Es fácil vivir lo esperado y lo convencional. Pero cuando
vives lo inesperado, empiezas a disfrutar de la vida.
Richard Bach.
Se dejó vencer suave, despacio, casi sin querer. La pereza de su movimiento apenas fue perceptible, un león furioso, rugiendo hizo el anuncio a viva voz proclamando el inevitable final mientras yo, curioseando la nada, pude entrever el catastrófico desenlace de una situación apenas pensado por la mayoría de la gente que agobiada en su rutina (o no) ni se detiene a observar lo inobservable.
El día presagió sin ganas que se trataba de un domingo de esos en los que es mejor no levantarse de la cama y allí mismo seguir de largo como si el mundo no existiese, a veces es posible eso si nos lo proponemos, pero claro está, no todos nos animamos a semejante riesgo y preferimos levantarnos y hacer de cuenta que no desperdiciamos el día, por más que veamos la tele, vayamos a un estadio o nos copemos con una película de Olmedo y Porcel.
Yo decidí acostarme en el patio de mi casa, mientras miraba el cielo, nublado, con sus matices de grises claros, grises más obscuros y algún que otro cúmulo más tirando al negro… complacido con el absurdo teatro meteorológico y pensando que lo que llamamos casualidad no es ni puede ser sino la causa ignorada de un efecto desconocido presto a manifestarse siempre y cuando así se dispongan las distintas variables que a veces desconozco y otras veces no tanto, aunque no voy a mentirles, conocía el final de esa obra harto repetida en los anaqueles de la eternidad. ¿Tal vez será que yo pido mucho y me conformo con poco?.
Estaba pensando en eso, cuando la ví, ahí estaba ella, débil, flaca, apenas visible, pero ganado con cada segundo más poder. Silenciosa, queriendo pasar desapercibida, tímidamente emprendiendo un viaje con destino incierto y sabiendo que no había retorno alguno, se dejó vencer suave, despacio, y así fue creciendo (no mucho), eso le fue gustando. Del cielo un manto de luz cubrió los tonos grises dejando ver la magnificencia de una imagen fugaz y épica que me dejó maravillado.
Se las arregló para tomar la forma más idónea para la ocasión, y vaya si lo hizo bien, su forma inmaculada jugaba con la perfección que algún ingeniero habrá buscado alguna vez y que vanamente habrá podido concretar.
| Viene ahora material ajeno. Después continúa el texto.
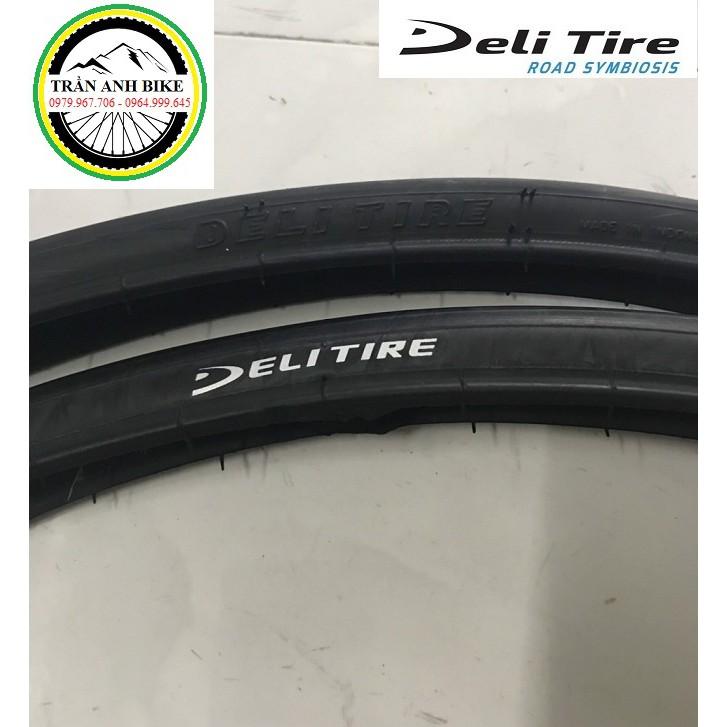 Cặp vỏ lốp trọc xe đạp thể thao Deli Tire SA205 700x23c - 2 chiếc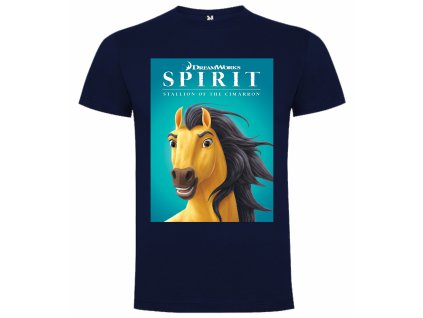 Dětské bavlněné tričko Spirit divoký hřebec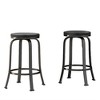 Bar Stool Chairs With Powder-coated Frame, Sleek Wooden Seating Barstools With Swivel Function - 4 of 4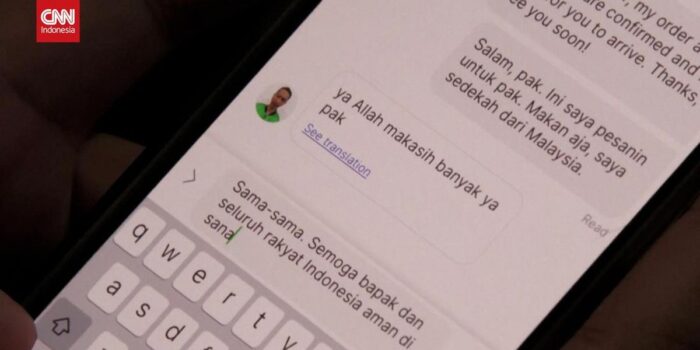 Berita Komentar Warga Malaysia soal Aksi Pesan Makan Bantu Ojol RI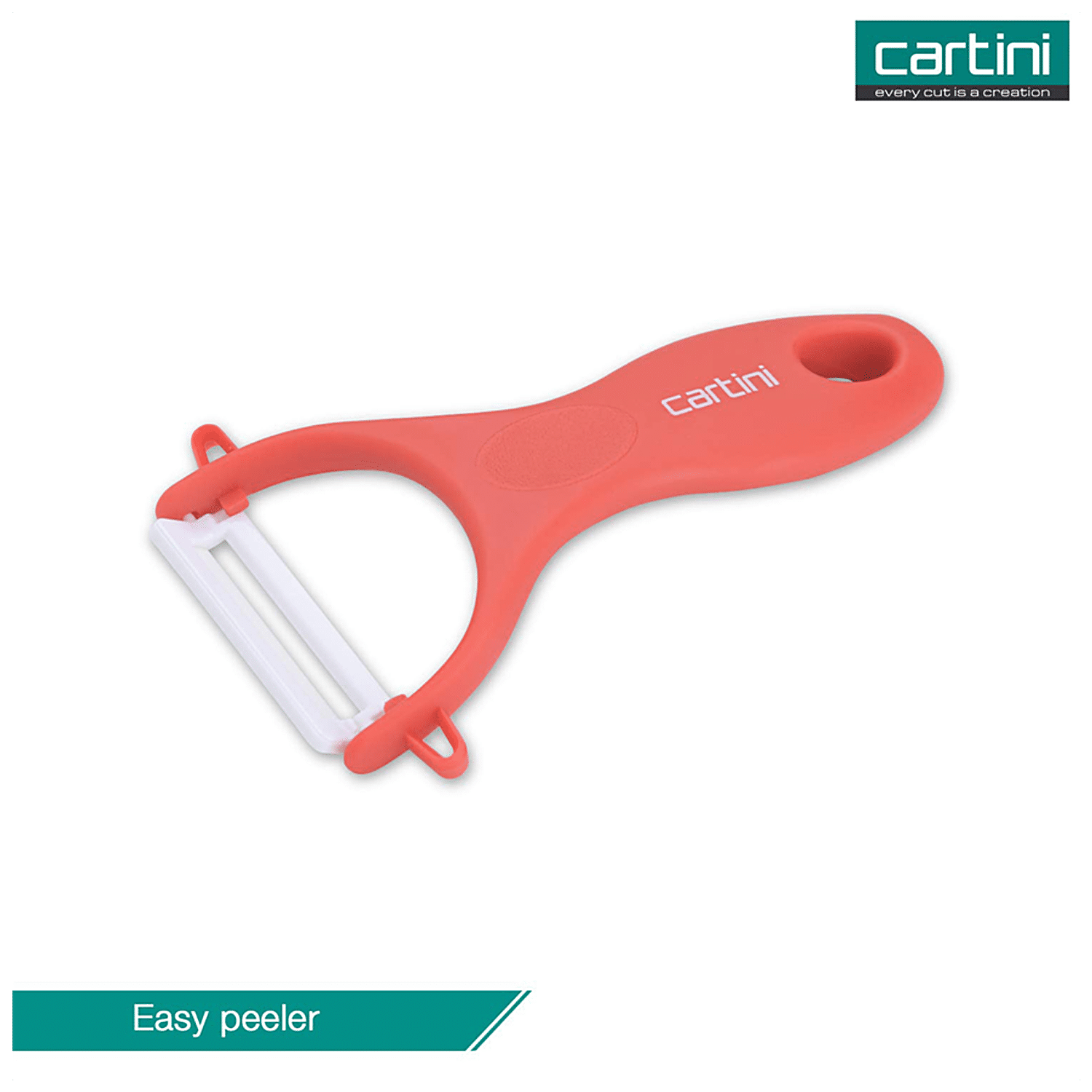 Cartini Ceramic Peeler - Red – The Home Products Company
Si, allí estaba ella, jugándose el todo por el todo, como si vivir no fuese una semejanza arrimada a lo que mis retinas trataban de retener con esfuerzo y una pizca de imaginación.
Creció un poco más para terminar en el esperado y tétrico final, acelerando a 9.81 m/s2 y dando de lleno contra la baldosa que lindaba con mi cabeza, el impacto fue tan leve que no fue captado por mi oído, pero ella fue la que llevando la bandera, desató la danza de la lluvia y un sin fin de gemelas y no tanto se lanzaron a la carga, poseídas por la locura y la atracción gravitacional, estallando en pedazos para que luego, el astro rey, las vengue cual Fénix y las devuelva a la atmósfera para repetir la operación.
Fascinado, me quedé observando la danza, hasta que el viento helado de las alturas las convirtió en granizo y me obligó a meterme en mi hogar, tras casi morir de un impacto en mi cabeza.